Музыка из игрового зала здесь почти не слышна. Значит и нас не услышат. Миша проходит на несколько шагов вперед и останавливается ко мне спиной. Я вижу напряженные плечи под очередным неудачным свитером и замечаю, как часто вздымается моя собственная грудь.
Опасно.
Неразумно.
Зачем я пошла?
— Марина, — он оборачивается и тут же цепляет мой взгляд своим.
В его столько чувств. Я не знаю, что он видит в моем, но тут же сокращает ненужное расстояние и оказывается передо мной. Поднимает любимую шершавую ладонь и проводит ей по моему лбу, в месте, где остался едва заметный шрам от удара. Он уже давно выцвел и превратился в тонкую белую полоску над бровью, но сейчас я ощущаю фантомную пульсирующую боль там, где жесткая подушечка большого пальца поглаживает.
— Ты уже поняла? — хрипло спрашивает Миша.

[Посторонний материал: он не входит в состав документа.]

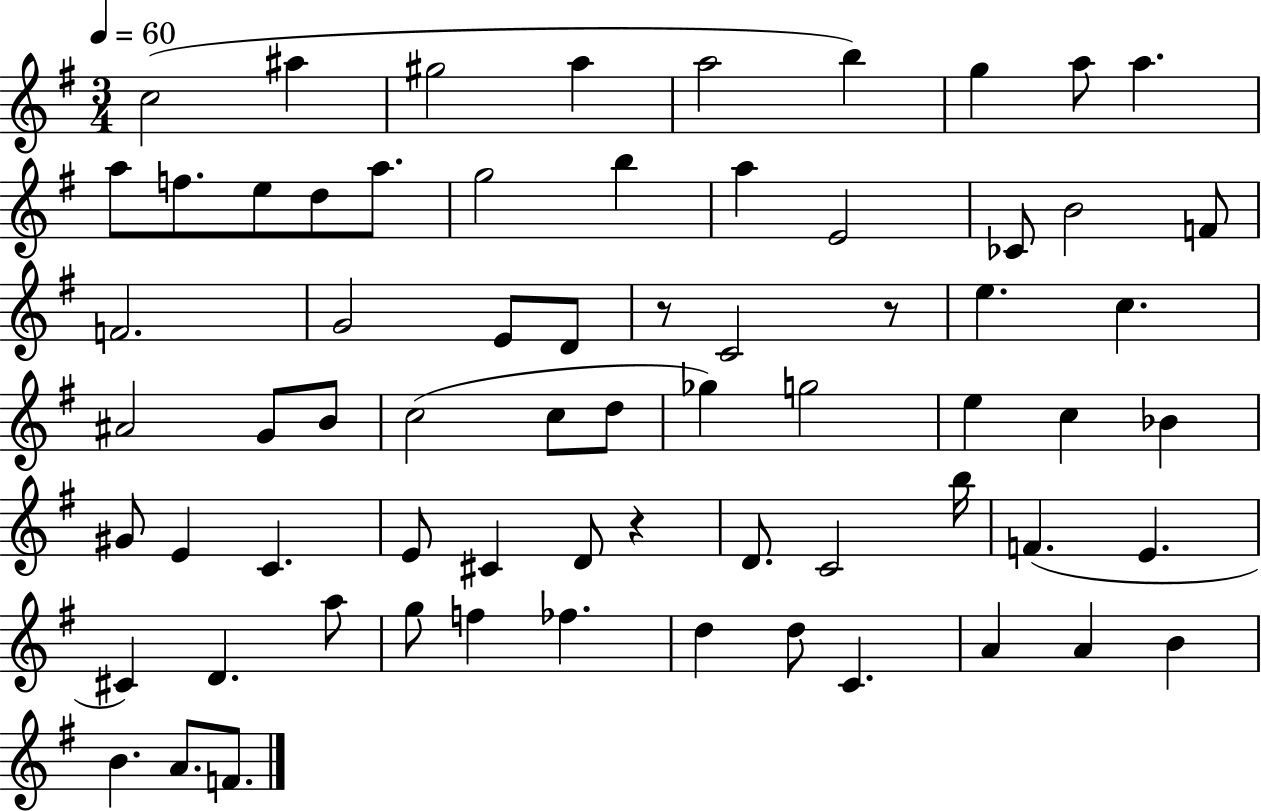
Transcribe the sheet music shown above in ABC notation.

X:1
T:Untitled
M:3/4
L:1/4
K:G
c2 ^a ^g2 a a2 b g a/2 a a/2 f/2 e/2 d/2 a/2 g2 b a E2 _C/2 B2 F/2 F2 G2 E/2 D/2 z/2 C2 z/2 e c ^A2 G/2 B/2 c2 c/2 d/2 _g g2 e c _B ^G/2 E C E/2 ^C D/2 z D/2 C2 b/4 F E ^C D a/2 g/2 f _f d d/2 C A A B B A/2 F/2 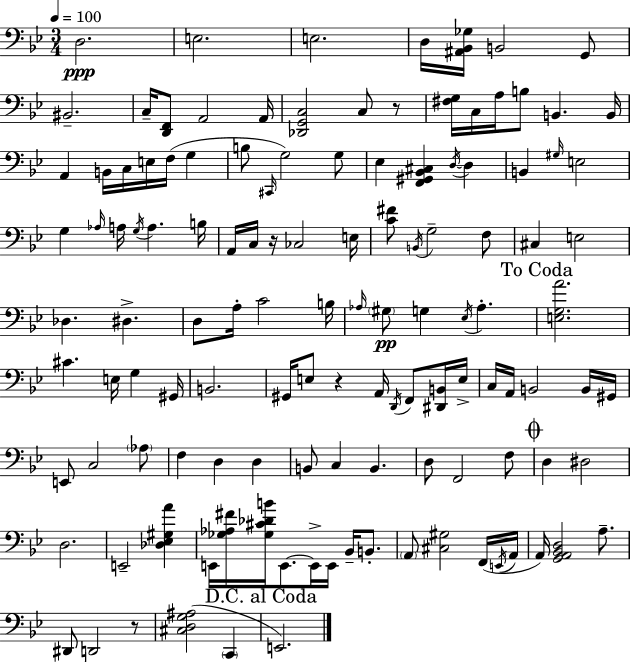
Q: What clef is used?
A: bass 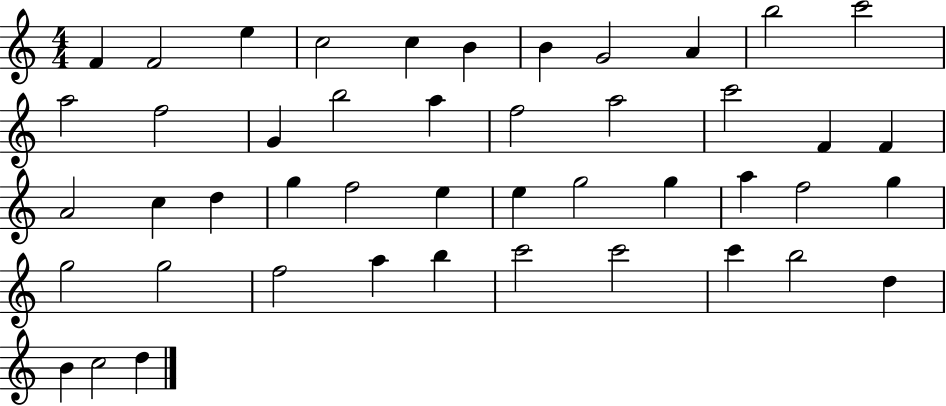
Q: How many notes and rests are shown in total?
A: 46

— Что? — выдыхаю я, купаясь в ощущениях настолько острых, что дыхание спирает.
— Наша первая встреча, помнишь?
— В больнице?
Он качает головой.
— Я рассказывал, вспомни, — приближает ко мне лицо, ныряет пальцами в волосы и прижимается к моей щеке. Господи, как хорошо. — Метро, я шел за тобой, а потом ты сбила меня с ног. Кафе, история про бабушку и горячий шоколад, — урчит мне на ухо.
Мое сердце екает. Та самая история. Я помню, да. Это и моя история тоже.
Я впиваюсь пальцами в его крепкие плечи и выпускаю тихий стон.
— Ты встретил меня. Это была я.
— Да, — хриплый смех опаляет ушную раковину. — Я только что понял. Это всегда была ты, понимаешь?
— Нет, — качаю головой. — Что это значит?
Миша отстраняется и смотрит в мои глаза. Как умеет только он: до самой глубины души, со всей неукротимой страстью, спрятанной за этой стеной сдержанности.
— Что все было по-настоящему. Ты и я. Так и должно было быть с самого начала.
— Но Маша…
— Останется Машей, — твердо говорит он.
«Останется Машей». Она всегда ей была, а он не видел. Теперь видит?
— А грек? — спрашивает перекрестно.
— Остался в Греции. Уже давно.
— Хорошо.
— И что теперь? — спрашиваю осторожно.
— Что ты хочешь? — прислоняется лбом к моему и прикрывает глаза. Его теплые ладони опускаются на мою талию и мягко ее сжимают. До дрожи.
Не верится, что прошло три месяца. Не верится, что нам понадобилось столько времени, чтобы снова прийти друг к другу. Потому что я помню всё, как вчера.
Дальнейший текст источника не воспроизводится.